Once you find the line with "GB.PEDRINI Ανδρικό κοστούμι" in the listing below, set down exactly every line from it through the line with "Original Unlocked 16GB", but no pictures.

Source data
▼▼▼

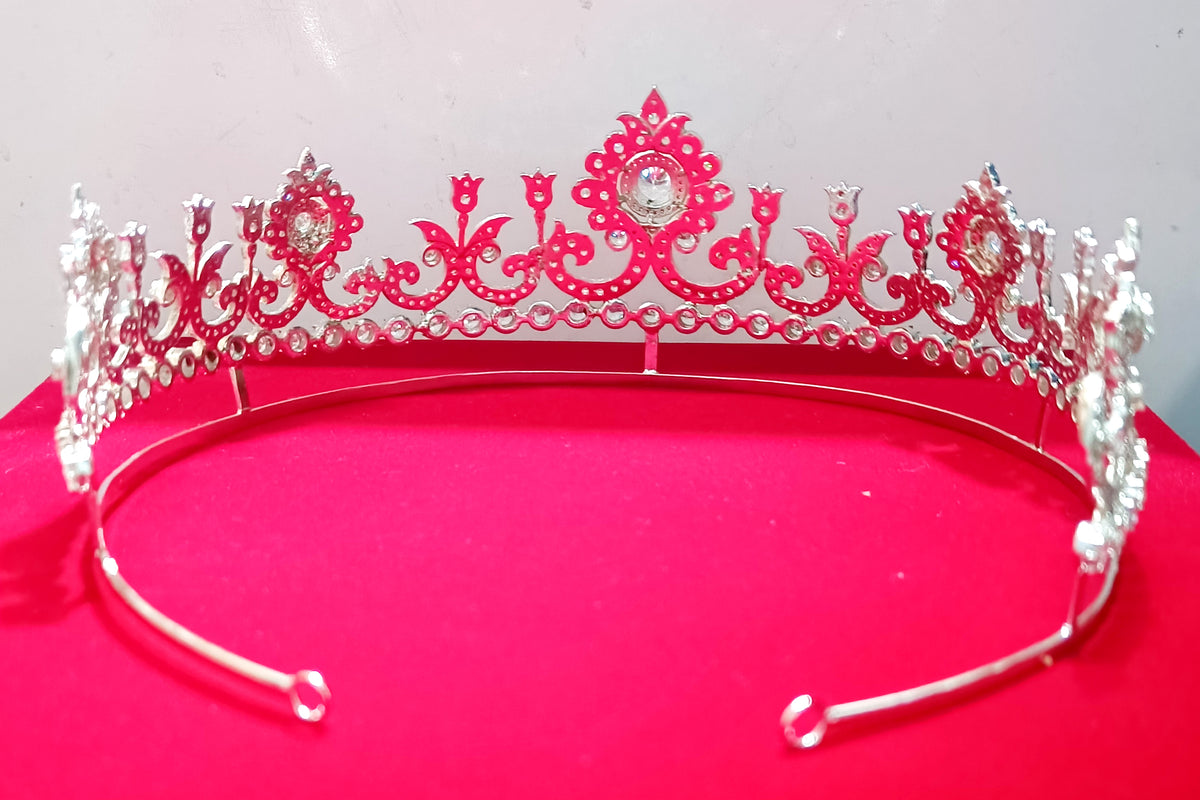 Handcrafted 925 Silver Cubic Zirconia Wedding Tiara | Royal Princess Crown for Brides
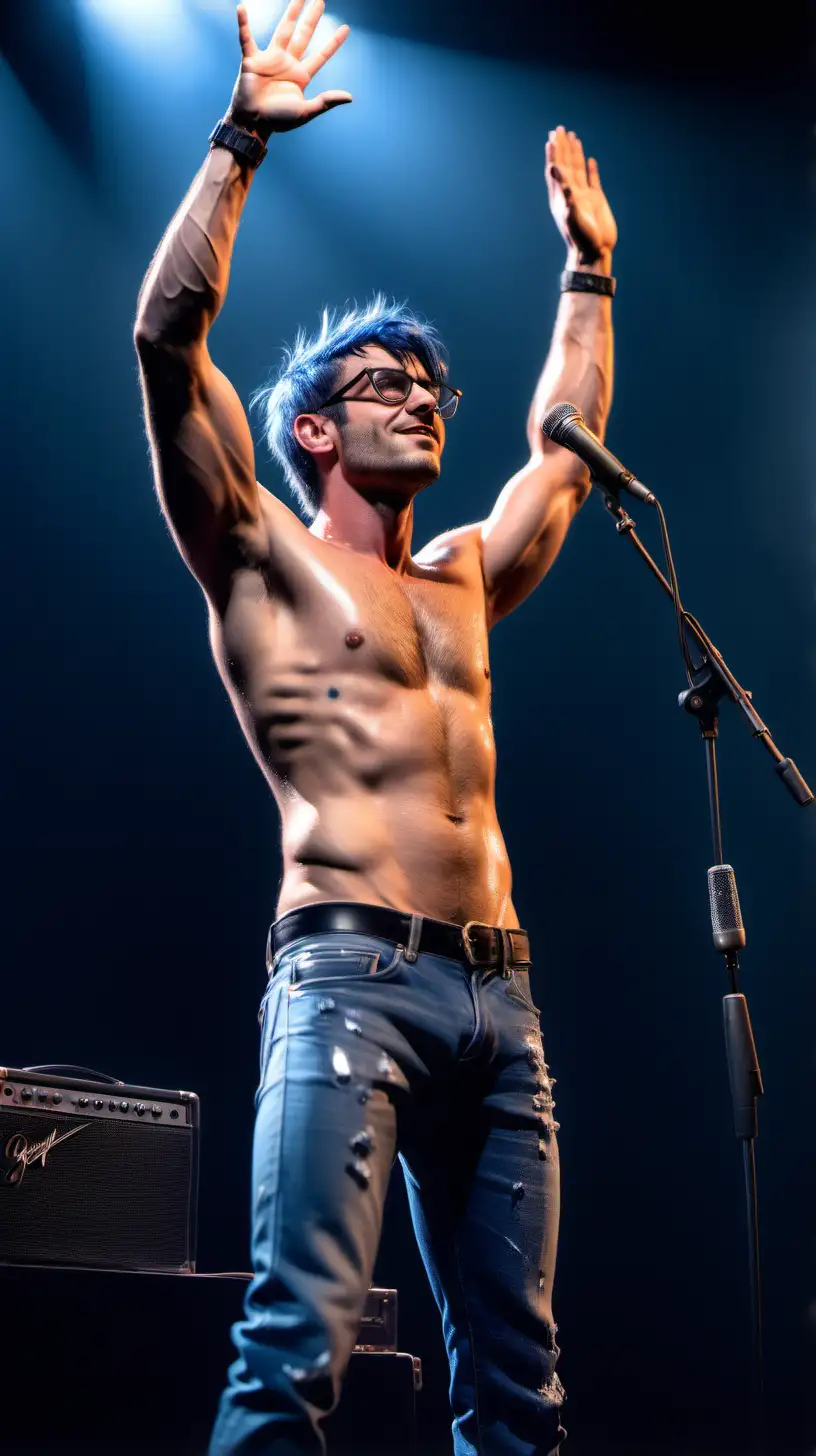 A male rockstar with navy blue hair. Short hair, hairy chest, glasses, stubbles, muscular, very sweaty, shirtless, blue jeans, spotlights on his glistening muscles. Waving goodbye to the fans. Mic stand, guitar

▲▲▲
▼▼▼

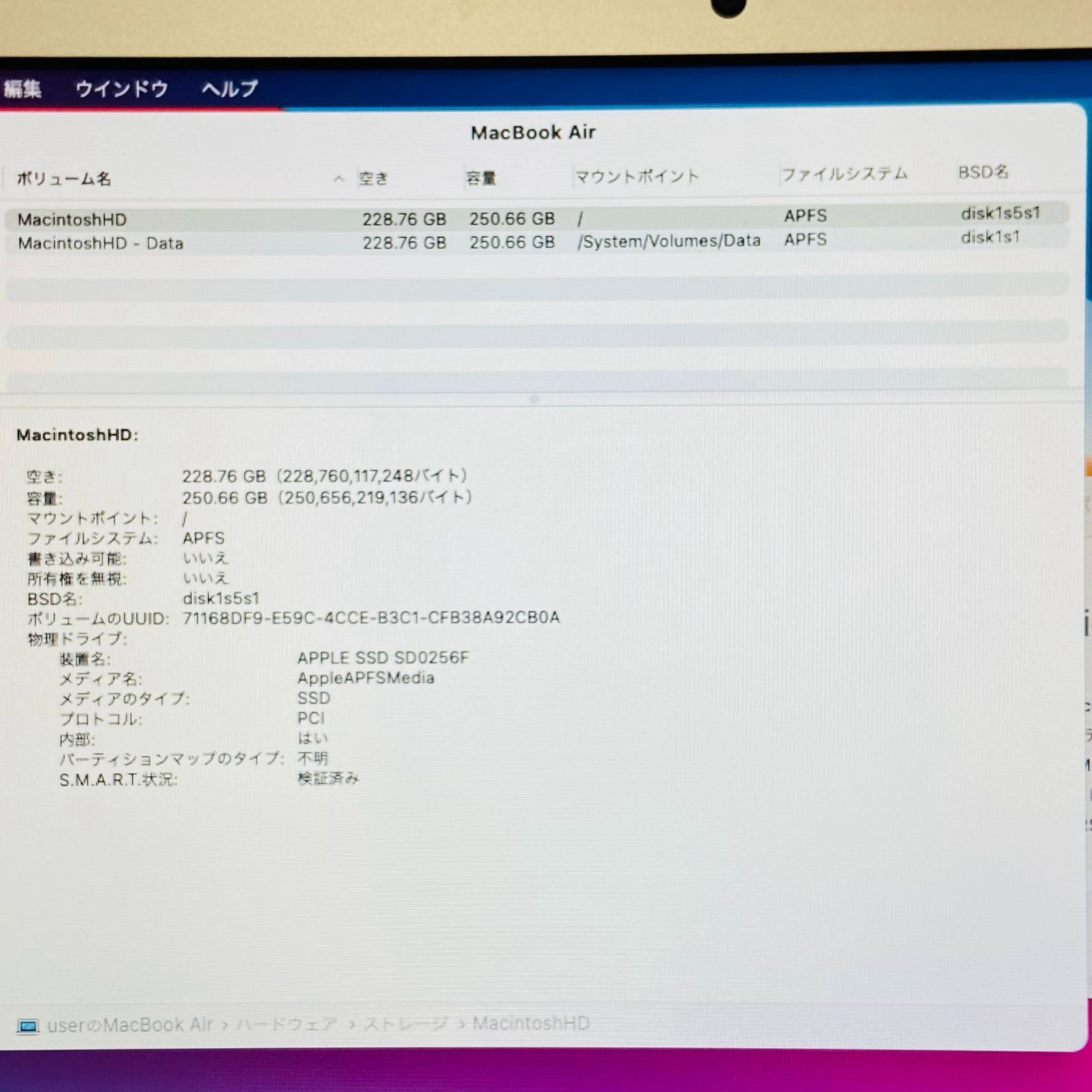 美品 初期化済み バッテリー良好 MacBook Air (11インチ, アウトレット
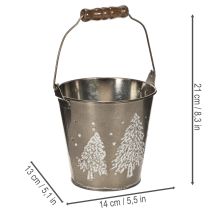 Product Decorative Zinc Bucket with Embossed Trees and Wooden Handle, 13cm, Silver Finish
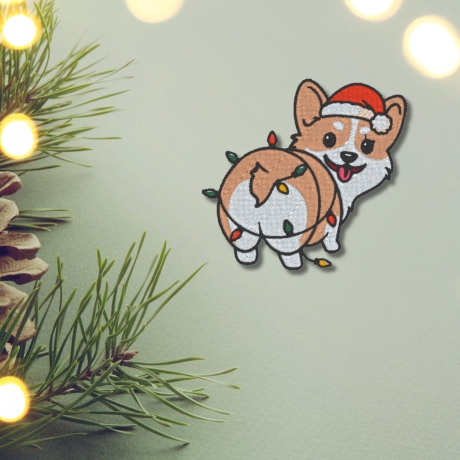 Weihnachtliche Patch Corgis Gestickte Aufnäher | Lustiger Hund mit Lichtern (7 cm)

▲▲▲
▼▼▼

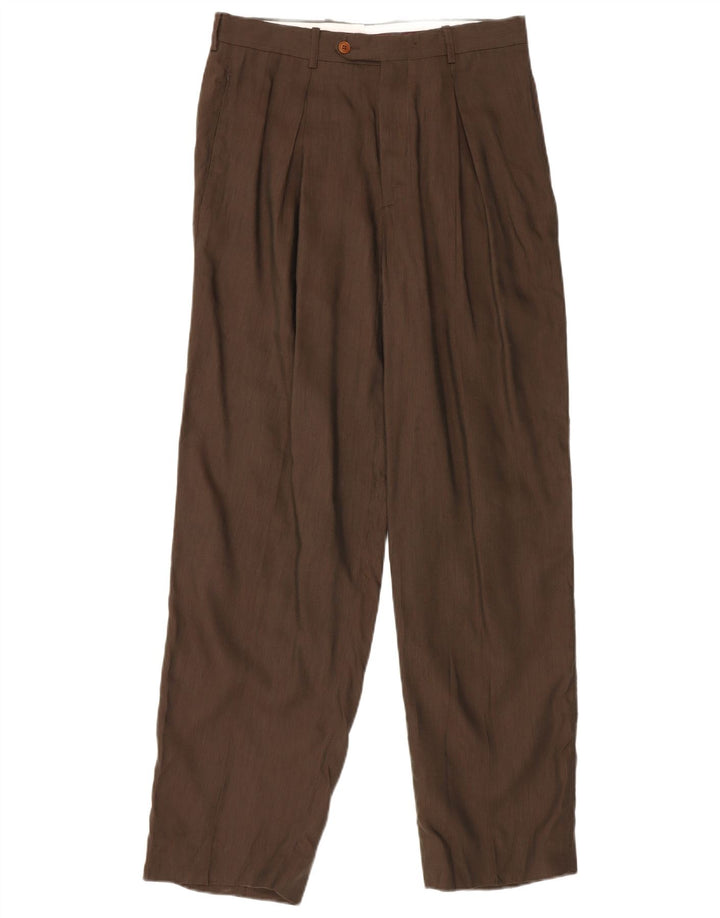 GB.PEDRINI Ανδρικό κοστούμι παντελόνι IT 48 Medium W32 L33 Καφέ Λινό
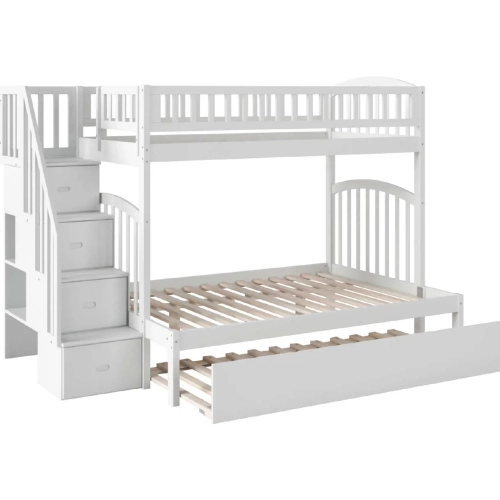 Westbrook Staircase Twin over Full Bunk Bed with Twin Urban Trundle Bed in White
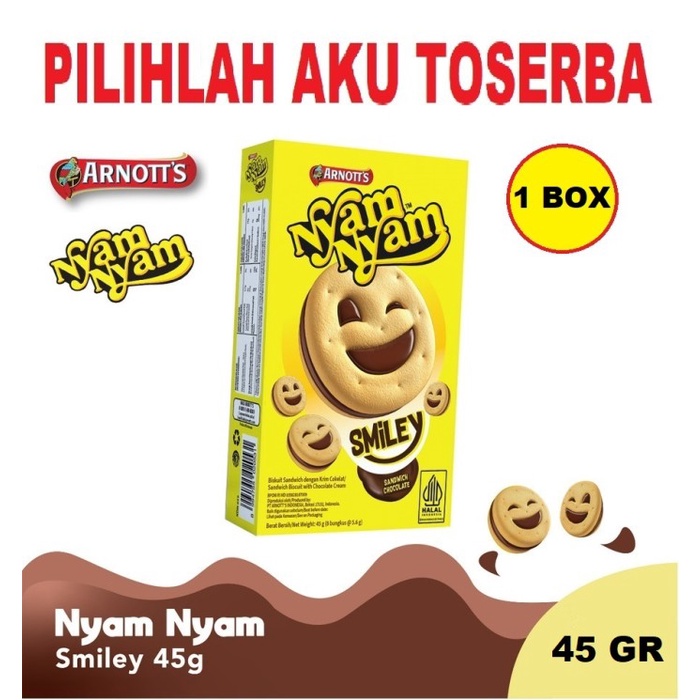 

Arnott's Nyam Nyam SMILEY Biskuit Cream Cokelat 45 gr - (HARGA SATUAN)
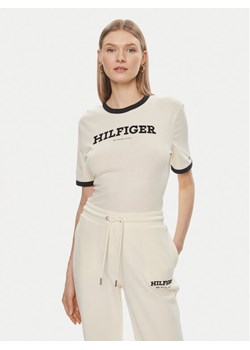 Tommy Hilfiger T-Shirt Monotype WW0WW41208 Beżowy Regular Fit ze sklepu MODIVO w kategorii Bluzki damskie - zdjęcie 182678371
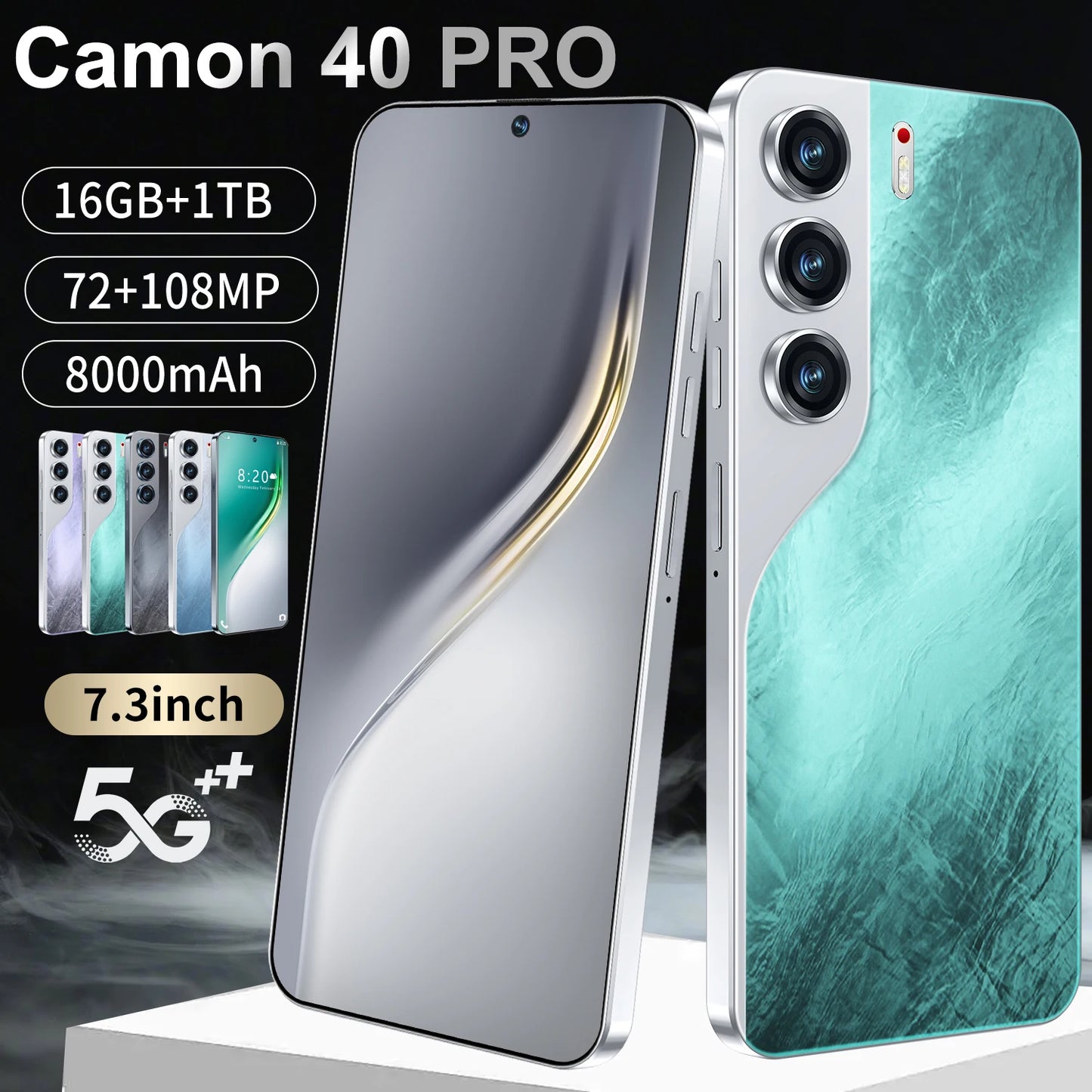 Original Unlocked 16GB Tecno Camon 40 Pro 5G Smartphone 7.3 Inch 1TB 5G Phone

▲▲▲

Result for this exercise
 GB.PEDRINI Ανδρικό κοστούμι παντελόνι IT 48 Medium W32 L33 Καφέ Λινό
 Westbrook Staircase Twin over Full Bunk Bed with Twin Urban Trundle Bed in White

Arnott's Nyam Nyam SMILEY Biskuit Cream Cokelat 45 gr - (HARGA SATUAN)
 Tommy Hilfiger T-Shirt Monotype WW0WW41208 Beżowy Regular Fit ze sklepu MODIVO w kategorii Bluzki damskie - zdjęcie 182678371
 Original Unlocked 16GB Tecno Camon 40 Pro 5G Smartphone 7.3 Inch 1TB 5G Phone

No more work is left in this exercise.